A car has two tracks behind it leading out into the snow. The logical thing is that the driver was starting to leave when he heard something was canceled (and drove back very precisely) but it LOOKS like an Adams Family thing where a car materializes just a bit off its parking place.
The sun is a watery sort of glow behind the thick clouds. All is gray, even it.
The thing about nighttime clouds is that you have to stop to remember that since it's reflecting the street lights, the light part must be the cloud, and the dark the sky. It can be impossible to tell which are the shapes and which the voids by form.
The moon rises in the east, where the sunset, circling round, still lingers: dark cream moon against dark pink and orange and blue. It does not look large. Perhaps it is that the branches crisscrossing over it do not give a good idea of distance, being fractal. Night progresses, and the cream stands more brilliant against the dark sapphire blue, with the branches still crossing over it. Then the moon slowly turns brilliantly white against the black sky -- though on the other sky, the dusky shades of sunset, rose and peach and violet, still linger on sky and cloud.
The day of the freezing rain, the lawn is all palely green and shining as the ice crystallizes on each blade. By morning, it is still more pale, like the green of thick ice on a rock-face.

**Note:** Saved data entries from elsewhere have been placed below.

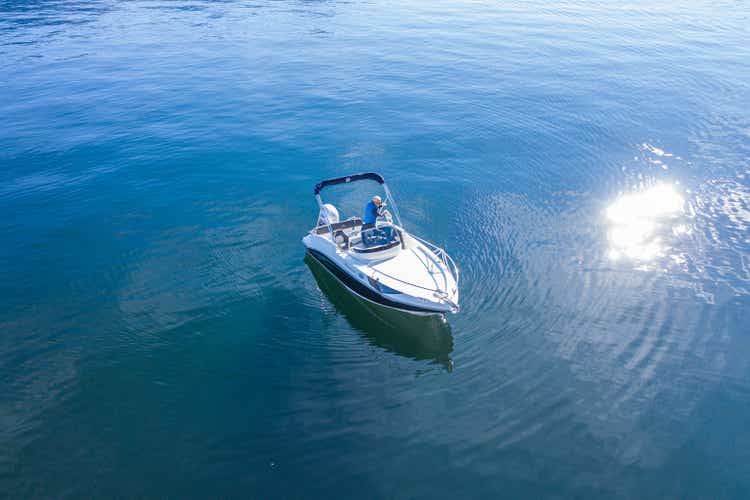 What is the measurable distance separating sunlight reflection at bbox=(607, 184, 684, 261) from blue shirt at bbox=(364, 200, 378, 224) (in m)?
12.9

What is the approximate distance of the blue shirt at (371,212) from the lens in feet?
73.7

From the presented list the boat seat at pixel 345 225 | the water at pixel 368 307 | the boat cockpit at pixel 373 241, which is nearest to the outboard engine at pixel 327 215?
the boat seat at pixel 345 225

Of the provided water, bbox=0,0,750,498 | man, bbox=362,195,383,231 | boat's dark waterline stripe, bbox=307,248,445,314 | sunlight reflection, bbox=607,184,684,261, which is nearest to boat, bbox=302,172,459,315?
boat's dark waterline stripe, bbox=307,248,445,314

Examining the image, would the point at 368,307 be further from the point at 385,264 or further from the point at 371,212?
the point at 371,212

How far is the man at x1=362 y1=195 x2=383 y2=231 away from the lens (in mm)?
22438

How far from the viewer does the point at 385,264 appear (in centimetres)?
2128

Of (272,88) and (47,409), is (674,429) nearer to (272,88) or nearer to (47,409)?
(47,409)

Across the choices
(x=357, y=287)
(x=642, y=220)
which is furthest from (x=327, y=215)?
(x=642, y=220)

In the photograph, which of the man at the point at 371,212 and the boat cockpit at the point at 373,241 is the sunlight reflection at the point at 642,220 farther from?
the man at the point at 371,212

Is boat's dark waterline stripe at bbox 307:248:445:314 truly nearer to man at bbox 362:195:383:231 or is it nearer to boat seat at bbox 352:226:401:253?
boat seat at bbox 352:226:401:253

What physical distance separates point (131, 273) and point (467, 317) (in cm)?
1712

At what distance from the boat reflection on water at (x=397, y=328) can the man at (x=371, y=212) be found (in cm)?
330

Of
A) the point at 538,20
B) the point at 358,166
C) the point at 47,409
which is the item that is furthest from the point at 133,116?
the point at 538,20

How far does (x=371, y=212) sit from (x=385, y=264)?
2.95 meters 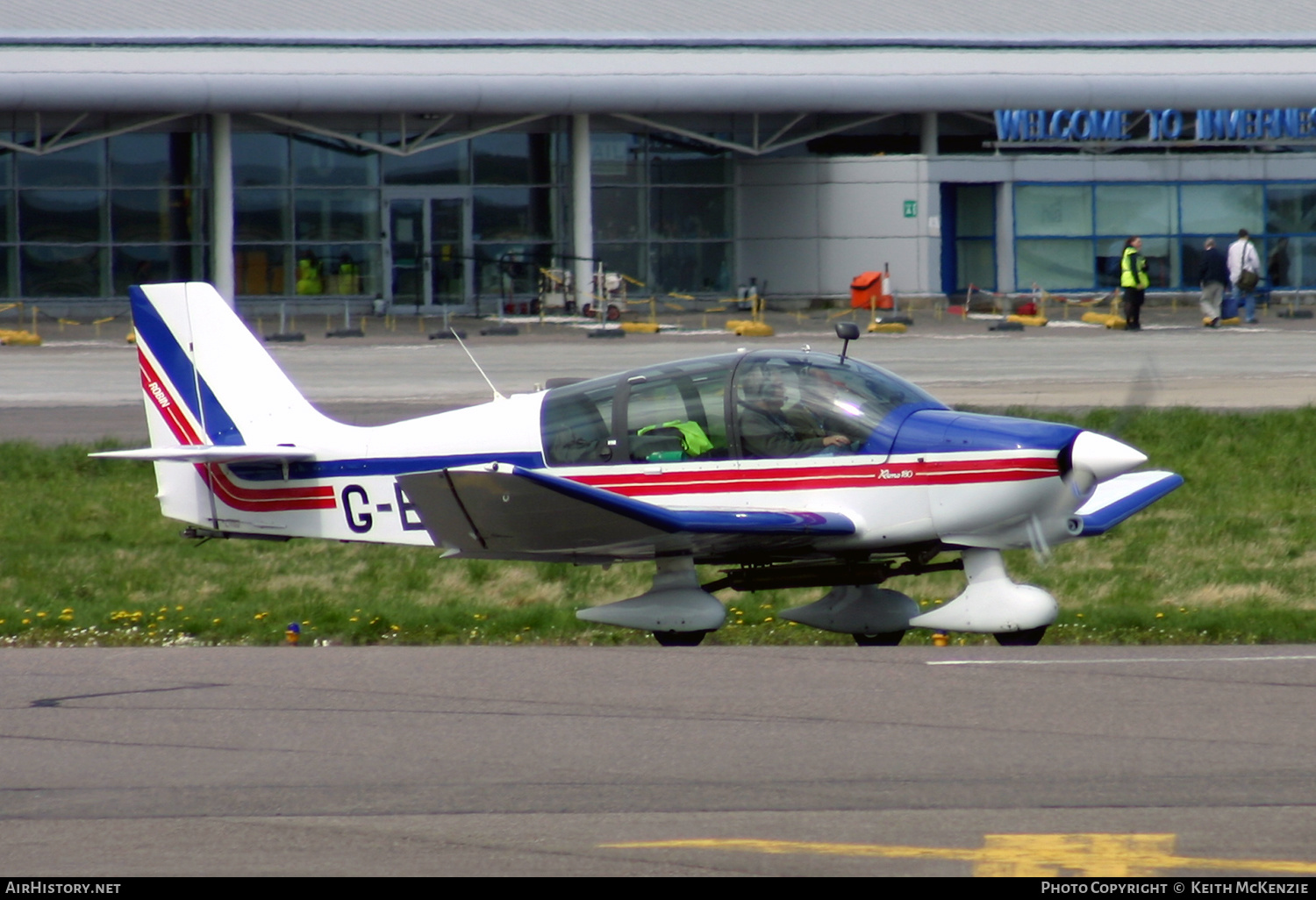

I drive by the roundabout a night. Bushes are set with white lights, tinged with cream. Lower bushes are all aglow with a bluer shade of white -- because, encased in ice, they are lit up from the headlights of cars. You must look closely to be sure what sort of light it is.
On a pine sapling, not much taller than a man, a hawk perches on the lowest bough, its belly creamy and its back brown, fiercely studying the oncoming traffic. Further along the way, a hawk sits in the grass of the median, as if it were a perch.
The river is choppy with ice floes, spotty white among the dark waters.
The forest looks red on the gray day. Some of it coppery leaves, both fallen and clinging to saplings; some dried grass that turned ruddy; some of it ripe berries; much of it brush touched with red.
The day is misty. Beyond the trees there is only pure white. Only memory allows me to know it is over the lake.
The clouds cover the sky, but are pale. The dry trees are gray, and even silvery. The dead leaves and the grasses are pale, and even the coppery leaves still clinging to the saplings are bright. Yet the street lights still glow, and the effect is uncanny.
A gray squirrel runs toward a willow, and a black squirrel starts on the shadowed bark. It had been invisible to me until it moved.
The moon is rising. At least, an orangey lump like a plastic dome is pushing its way up. At least it moves swiftly, high enough to clearly round, and then over the horizon entirely, in few minutes.